De tabuleiro à cabeça, servindo-se de uma rodilha ou sogra para o apoiar, lá iam as mulheres a caminho do forno. O forno era um espaço bastante amplo. Tendo dois amplos poiais laterais, a todo o seu comprimento. Nestes, as mulheres depositavam os tabuleiros e os restantes acessórios.
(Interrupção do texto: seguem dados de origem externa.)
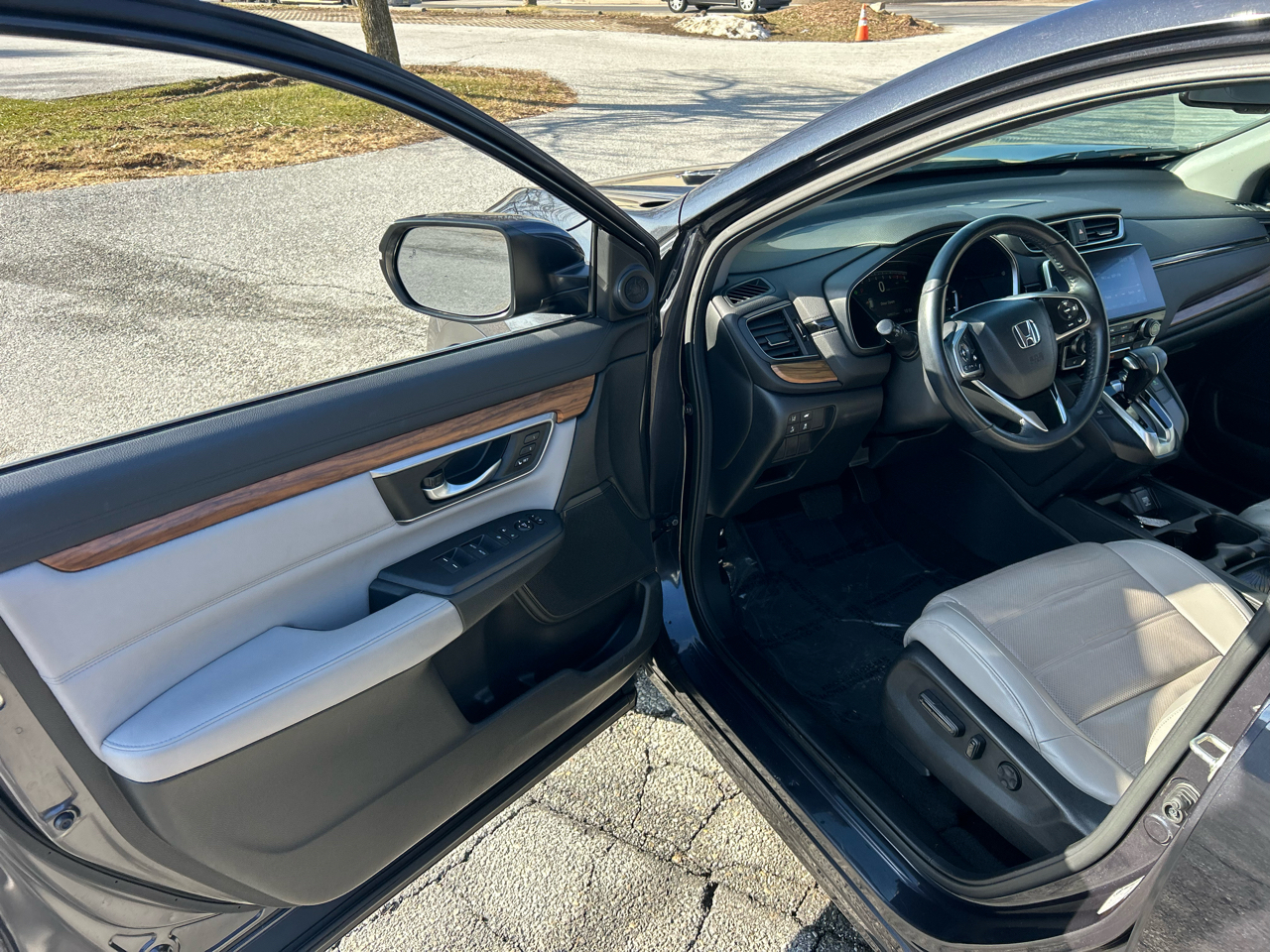 Honda CR-V EX-L AWD 2017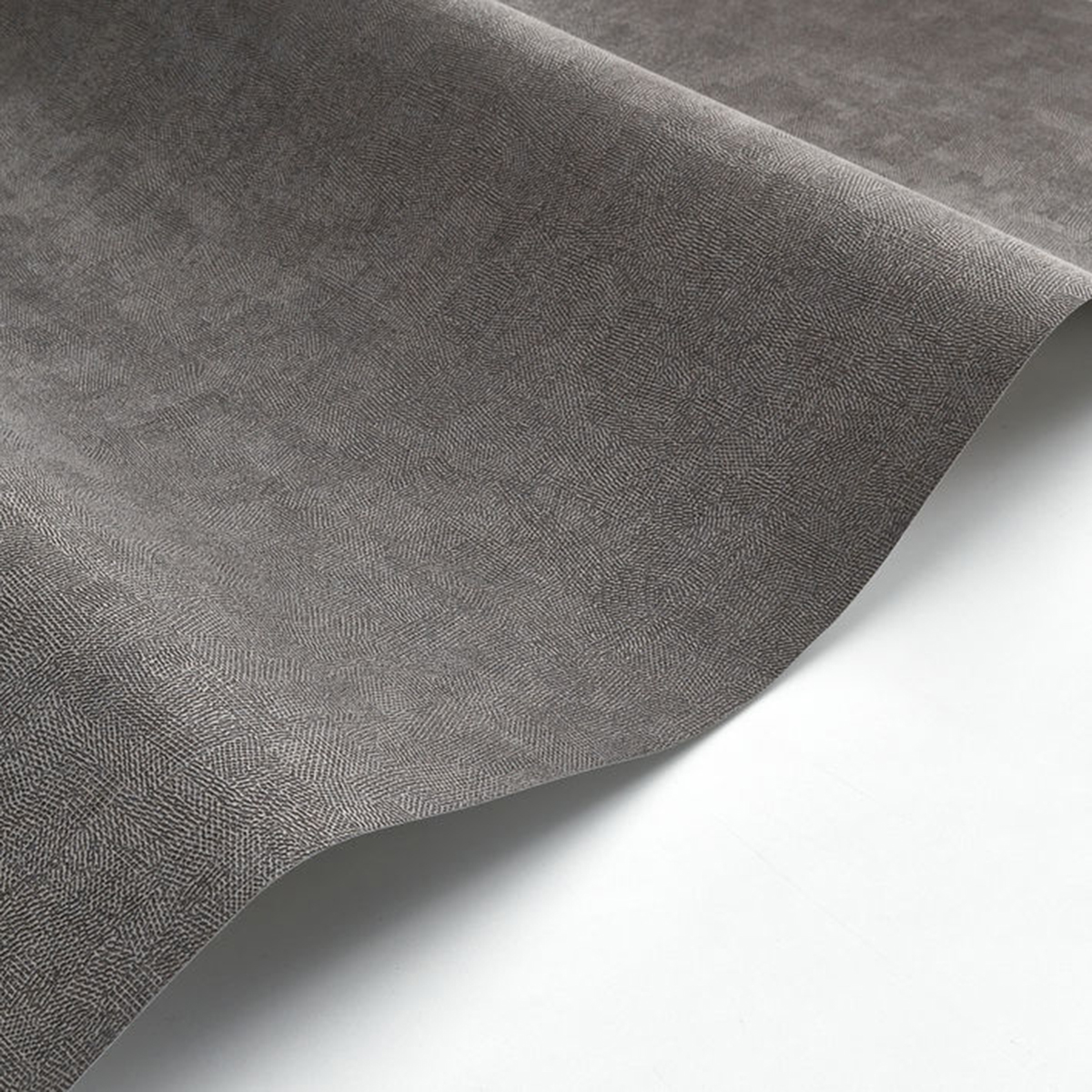 Papier peint Faux Uni Empreinte noir fusain - Riverside 4 de Casadéco | Réf. RIVI88709877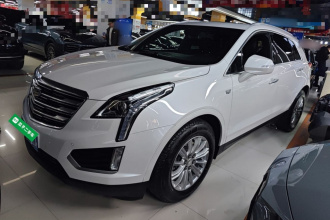 凯迪拉克XT5 2018款 28E 四驱技术型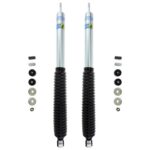 Bilstein 5125 Custom Fit Shocks Set 2 of 33-230375 28.33" Extended, 17.11" Collapsed (#33-230375)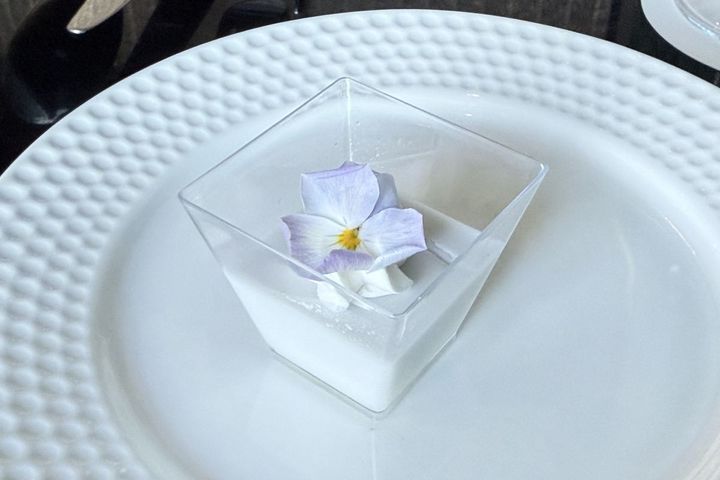 「ココナッツゼリー」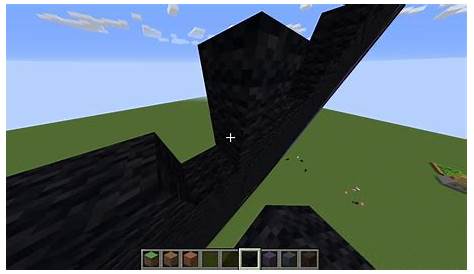 how to build toothless in minecraft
Quando entrava lá dentro, ficava extasiada olhando o trabalho árduo da forneira, que preparava o forno, para que este aquecesse. Com a ajuda do forcado de madeira, a Ti Patílha ia colocando os vários feixes de chamiços. A lenha queimada transformava-se em brasido. Para que todo o brasido ficasse amontoado, conservando o calor por mais tempo, a forneira juntava-o num monte, na entrada do forno. Com uma enorme vassoura (feita de estevas ou piorno. Com ela varria o forno, para um só lado. Tentando deixar o solo o mais limpo possível, de cinza e carvão. Em seguida atirava-lhe um punhado de farinha, para se certificar da temperatura do forno. Se o resultado do teste realizado tivesse o efeito desejado começava de imediato a colocar o pão em massa dentro do forno utilizando-se uma comprida pá de madeira.
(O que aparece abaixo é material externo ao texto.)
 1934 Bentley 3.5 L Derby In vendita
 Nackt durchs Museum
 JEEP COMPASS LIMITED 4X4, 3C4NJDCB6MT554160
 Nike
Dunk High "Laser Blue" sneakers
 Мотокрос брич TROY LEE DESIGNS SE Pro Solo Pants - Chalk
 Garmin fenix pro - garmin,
Cada fornada levava em média duas ou três cozeduras de pão. Por fim, trancava a enorme porta do forno (feita de ferro) e restava-nos esperar, que o pão cozesse. Enquanto isso, as mulheres ficavam em amena cavaqueira. Falando da sua própria vida ou da do alheio. Por vezes, ficávamos por perto, tentando captar a conversa. Pois alguns dos temas de conversa despertavam-nos interesse. Já que muitos deles eram tabu para nós crianças. Mas quando alguém se dava conta que os nossos ouvidos estavam atentos, diziam: Arredem daqui cachopos, na querem lá ver? Já a formiga tem catarro. E nós batíamos com os calcanhares no rabo e desaparecíamos dali, para ir brincar por perto. O tempo passava, e o pão estava cozido. De cada lado da pá, colocava-se uma pessoa, para apanhar o seu pão. Ao segurá-lo, davam-lhe uma forte palmada, para retirar o excesso de cinza. Colocando-o por fim no tabuleiro. Era chegada a hora do pagamento pelo serviço prestado. Que se bem me recordo poderia ser feito com o pão acabado de cozer ou dinheiro. No caminho de casa, o cheirinho a pão quente, abria-nos o apetite. A primeira coisa que a minha mãe fazia, era partir um dos pães em pequenos nacos, e colocá-los num prato. Temperava-os com azeite. Polvilhava-os com açúcar, e comíamo-lo ainda fumegante. A este pitéu, dá-se-lhe o nome de Tiborna. O pão que atualmente se fabrica, não tem qualquer semelhança com o nosso pão caseiro. Pela qualidade da farinha, o envolvimento da amassar ser realizado através de máquinas e não manual e principalmente, não ser cozido em fornos de lenha.